Input:

=== Section Start ===

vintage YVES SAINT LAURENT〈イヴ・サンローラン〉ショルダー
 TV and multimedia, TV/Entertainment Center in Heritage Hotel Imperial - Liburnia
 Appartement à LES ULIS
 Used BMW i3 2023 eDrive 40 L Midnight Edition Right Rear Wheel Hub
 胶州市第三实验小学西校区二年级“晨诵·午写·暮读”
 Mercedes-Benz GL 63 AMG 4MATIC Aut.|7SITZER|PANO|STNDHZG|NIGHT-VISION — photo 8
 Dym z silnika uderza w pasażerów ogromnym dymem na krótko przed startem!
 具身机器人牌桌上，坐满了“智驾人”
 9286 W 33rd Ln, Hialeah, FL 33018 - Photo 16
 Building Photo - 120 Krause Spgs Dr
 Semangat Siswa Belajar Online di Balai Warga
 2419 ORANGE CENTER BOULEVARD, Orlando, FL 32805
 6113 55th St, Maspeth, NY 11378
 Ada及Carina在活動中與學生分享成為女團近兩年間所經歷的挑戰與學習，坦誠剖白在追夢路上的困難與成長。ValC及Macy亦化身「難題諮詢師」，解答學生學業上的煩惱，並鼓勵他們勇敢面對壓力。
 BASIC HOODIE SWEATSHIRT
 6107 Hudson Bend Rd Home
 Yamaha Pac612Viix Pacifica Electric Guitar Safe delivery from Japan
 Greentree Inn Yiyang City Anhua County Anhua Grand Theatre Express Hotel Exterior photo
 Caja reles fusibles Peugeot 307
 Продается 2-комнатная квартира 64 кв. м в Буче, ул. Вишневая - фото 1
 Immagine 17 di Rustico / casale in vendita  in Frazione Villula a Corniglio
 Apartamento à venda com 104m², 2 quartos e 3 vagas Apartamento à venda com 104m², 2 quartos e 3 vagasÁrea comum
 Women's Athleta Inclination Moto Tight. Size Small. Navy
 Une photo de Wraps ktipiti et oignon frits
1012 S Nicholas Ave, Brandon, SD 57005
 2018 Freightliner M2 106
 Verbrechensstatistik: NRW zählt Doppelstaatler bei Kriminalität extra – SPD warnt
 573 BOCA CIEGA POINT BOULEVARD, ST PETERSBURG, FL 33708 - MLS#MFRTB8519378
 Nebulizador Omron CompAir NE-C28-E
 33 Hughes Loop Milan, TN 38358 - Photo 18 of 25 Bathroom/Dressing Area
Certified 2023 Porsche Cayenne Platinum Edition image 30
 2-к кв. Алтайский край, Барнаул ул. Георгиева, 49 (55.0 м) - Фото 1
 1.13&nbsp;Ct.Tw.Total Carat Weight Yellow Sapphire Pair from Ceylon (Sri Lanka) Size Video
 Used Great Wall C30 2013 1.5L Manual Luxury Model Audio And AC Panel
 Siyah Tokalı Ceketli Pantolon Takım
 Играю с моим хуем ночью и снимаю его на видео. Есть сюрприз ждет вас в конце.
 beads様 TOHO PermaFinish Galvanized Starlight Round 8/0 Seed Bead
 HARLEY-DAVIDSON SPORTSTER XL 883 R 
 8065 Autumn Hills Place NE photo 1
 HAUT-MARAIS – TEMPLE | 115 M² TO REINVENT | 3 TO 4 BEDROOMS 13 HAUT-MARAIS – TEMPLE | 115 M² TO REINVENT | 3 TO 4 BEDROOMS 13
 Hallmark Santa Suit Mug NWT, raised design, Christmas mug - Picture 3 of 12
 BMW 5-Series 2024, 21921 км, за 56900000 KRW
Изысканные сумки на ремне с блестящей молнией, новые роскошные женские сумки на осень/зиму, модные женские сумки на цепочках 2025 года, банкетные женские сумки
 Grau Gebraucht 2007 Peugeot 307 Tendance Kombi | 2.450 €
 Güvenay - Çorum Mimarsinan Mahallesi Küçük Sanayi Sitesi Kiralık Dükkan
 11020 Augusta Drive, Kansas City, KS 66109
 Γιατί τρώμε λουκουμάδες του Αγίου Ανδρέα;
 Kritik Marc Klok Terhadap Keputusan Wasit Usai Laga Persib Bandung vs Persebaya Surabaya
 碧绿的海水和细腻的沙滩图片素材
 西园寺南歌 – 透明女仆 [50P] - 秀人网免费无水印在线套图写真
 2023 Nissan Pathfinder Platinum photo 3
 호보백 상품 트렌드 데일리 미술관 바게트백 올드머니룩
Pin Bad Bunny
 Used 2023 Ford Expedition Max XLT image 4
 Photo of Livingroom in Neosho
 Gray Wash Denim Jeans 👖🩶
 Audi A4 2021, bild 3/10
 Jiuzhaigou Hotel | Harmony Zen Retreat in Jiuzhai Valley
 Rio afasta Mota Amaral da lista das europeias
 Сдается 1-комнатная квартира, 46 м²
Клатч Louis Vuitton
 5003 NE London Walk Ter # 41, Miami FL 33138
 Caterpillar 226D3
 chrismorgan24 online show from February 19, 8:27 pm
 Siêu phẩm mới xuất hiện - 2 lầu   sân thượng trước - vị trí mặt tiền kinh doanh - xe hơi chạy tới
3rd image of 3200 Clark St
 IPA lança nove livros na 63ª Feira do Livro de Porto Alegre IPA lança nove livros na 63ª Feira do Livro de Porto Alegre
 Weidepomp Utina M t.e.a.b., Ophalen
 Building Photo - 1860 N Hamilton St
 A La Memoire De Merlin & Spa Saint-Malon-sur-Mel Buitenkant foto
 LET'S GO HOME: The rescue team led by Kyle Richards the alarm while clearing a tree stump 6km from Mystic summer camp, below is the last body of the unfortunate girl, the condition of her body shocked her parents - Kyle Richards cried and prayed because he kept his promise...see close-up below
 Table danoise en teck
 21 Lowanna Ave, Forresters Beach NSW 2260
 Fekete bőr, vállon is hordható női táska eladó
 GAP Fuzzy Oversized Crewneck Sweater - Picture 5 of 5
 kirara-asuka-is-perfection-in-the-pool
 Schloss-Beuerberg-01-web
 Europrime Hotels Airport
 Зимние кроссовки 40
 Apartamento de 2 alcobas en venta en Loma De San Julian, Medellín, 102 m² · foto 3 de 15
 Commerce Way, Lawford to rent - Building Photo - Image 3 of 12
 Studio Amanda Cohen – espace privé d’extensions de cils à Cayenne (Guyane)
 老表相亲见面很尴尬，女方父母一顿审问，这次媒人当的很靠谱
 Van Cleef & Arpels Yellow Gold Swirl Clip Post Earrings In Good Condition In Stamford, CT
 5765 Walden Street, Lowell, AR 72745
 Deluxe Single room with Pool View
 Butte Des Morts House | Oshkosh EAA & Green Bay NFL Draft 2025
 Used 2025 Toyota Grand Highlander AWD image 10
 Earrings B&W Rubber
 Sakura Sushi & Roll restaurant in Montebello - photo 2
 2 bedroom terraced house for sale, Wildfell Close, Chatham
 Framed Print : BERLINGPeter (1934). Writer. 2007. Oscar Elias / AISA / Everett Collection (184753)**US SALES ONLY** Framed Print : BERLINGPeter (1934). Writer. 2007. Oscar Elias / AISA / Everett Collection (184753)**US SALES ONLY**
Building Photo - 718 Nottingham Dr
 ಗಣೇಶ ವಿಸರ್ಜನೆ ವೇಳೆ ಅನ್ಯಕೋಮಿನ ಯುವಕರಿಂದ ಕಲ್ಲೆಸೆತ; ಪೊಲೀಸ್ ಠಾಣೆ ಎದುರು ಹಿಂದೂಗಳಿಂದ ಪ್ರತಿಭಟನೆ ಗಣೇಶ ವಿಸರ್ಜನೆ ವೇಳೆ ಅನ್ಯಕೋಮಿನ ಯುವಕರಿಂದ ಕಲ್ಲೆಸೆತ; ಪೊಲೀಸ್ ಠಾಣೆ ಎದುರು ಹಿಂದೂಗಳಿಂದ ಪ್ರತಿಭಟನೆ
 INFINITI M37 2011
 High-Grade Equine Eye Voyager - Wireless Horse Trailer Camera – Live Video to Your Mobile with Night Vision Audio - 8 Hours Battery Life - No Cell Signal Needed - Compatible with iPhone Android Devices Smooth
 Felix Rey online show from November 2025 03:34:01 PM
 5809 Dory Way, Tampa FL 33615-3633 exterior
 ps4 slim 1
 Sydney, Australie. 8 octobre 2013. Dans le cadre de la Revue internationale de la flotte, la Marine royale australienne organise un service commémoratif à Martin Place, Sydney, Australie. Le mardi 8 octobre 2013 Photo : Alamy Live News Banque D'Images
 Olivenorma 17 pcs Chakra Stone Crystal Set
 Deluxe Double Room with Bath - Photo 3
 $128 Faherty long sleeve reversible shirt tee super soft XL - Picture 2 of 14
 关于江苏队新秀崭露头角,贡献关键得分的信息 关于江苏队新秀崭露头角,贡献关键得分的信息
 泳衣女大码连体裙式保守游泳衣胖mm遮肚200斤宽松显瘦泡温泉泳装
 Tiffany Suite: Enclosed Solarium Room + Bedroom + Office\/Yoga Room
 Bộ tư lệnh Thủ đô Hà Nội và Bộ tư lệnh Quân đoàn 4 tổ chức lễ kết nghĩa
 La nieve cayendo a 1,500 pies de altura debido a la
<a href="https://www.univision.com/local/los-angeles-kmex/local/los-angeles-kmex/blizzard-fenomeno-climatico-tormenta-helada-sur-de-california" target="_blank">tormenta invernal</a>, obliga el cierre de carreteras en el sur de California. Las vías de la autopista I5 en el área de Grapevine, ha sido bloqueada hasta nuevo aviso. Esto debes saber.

=== Section End ===

Directions for this task:
From the line that has "BMW 5-Series 2024, 21921 км, за 56900000 KRW" through the line that has "Caterpillar 226D3", copy every line exactly as it appears above, and leave out all others.

Task result:
 BMW 5-Series 2024, 21921 км, за 56900000 KRW
Изысканные сумки на ремне с блестящей молнией, новые роскошные женские сумки на осень/зиму, модные женские сумки на цепочках 2025 года, банкетные женские сумки
 Grau Gebraucht 2007 Peugeot 307 Tendance Kombi | 2.450 €
 Güvenay - Çorum Mimarsinan Mahallesi Küçük Sanayi Sitesi Kiralık Dükkan
 11020 Augusta Drive, Kansas City, KS 66109
 Γιατί τρώμε λουκουμάδες του Αγίου Ανδρέα;
 Kritik Marc Klok Terhadap Keputusan Wasit Usai Laga Persib Bandung vs Persebaya Surabaya
 碧绿的海水和细腻的沙滩图片素材
 西园寺南歌 – 透明女仆 [50P] - 秀人网免费无水印在线套图写真
 2023 Nissan Pathfinder Platinum photo 3
 호보백 상품 트렌드 데일리 미술관 바게트백 올드머니룩
Pin Bad Bunny
 Used 2023 Ford Expedition Max XLT image 4
 Photo of Livingroom in Neosho
 Gray Wash Denim Jeans 👖🩶
 Audi A4 2021, bild 3/10
 Jiuzhaigou Hotel | Harmony Zen Retreat in Jiuzhai Valley
 Rio afasta Mota Amaral da lista das europeias
 Сдается 1-комнатная квартира, 46 м²
Клатч Louis Vuitton
 5003 NE London Walk Ter # 41, Miami FL 33138
 Caterpillar 226D3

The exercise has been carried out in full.